Raw data: Begin
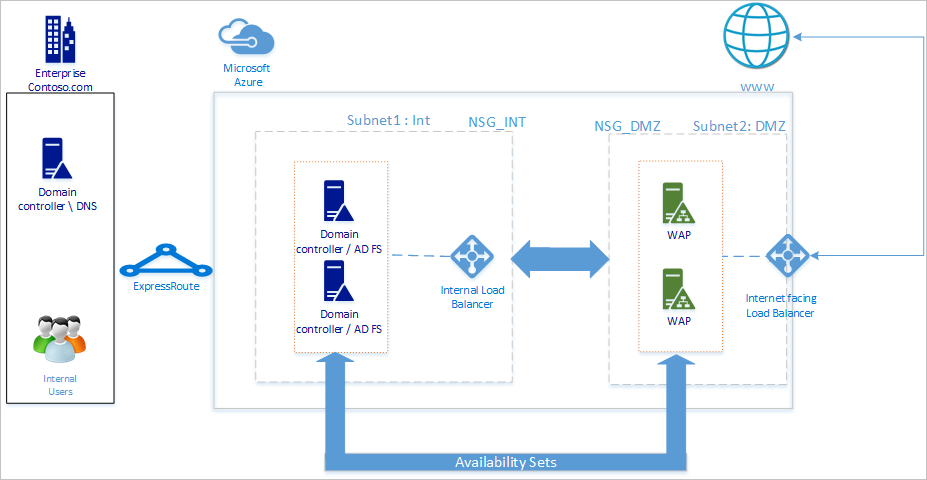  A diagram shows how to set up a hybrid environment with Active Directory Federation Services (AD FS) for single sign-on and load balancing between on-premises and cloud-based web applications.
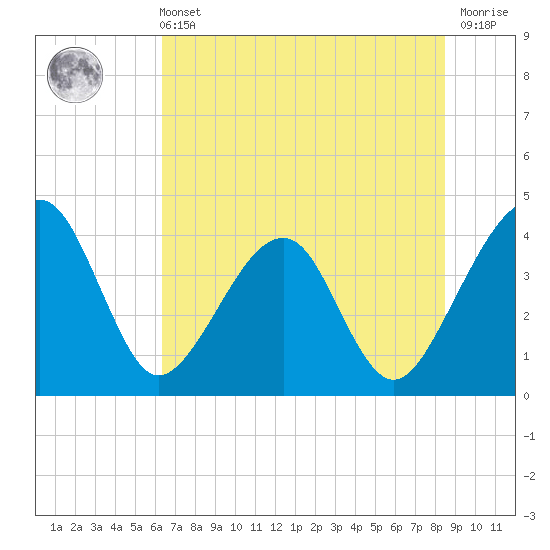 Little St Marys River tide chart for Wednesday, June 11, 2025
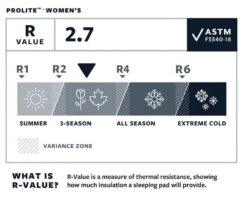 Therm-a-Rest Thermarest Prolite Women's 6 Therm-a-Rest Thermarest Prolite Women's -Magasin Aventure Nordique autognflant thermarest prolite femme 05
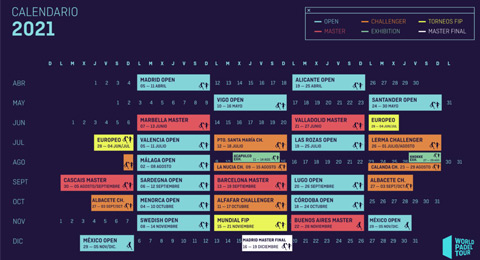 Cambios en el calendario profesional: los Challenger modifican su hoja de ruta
Raw data: End
**What this task involves**
With the pictures left out, give again exactly the lines from the one that contains "Therm-a-Rest Thermarest Prolite Women's 6" through the final line of the data above.

**Result**
 Therm-a-Rest Thermarest Prolite Women's 6 Therm-a-Rest Thermarest Prolite Women's -Magasin Aventure Nordique autognflant thermarest prolite femme 05
 Cambios en el calendario profesional: los Challenger modifican su hoja de ruta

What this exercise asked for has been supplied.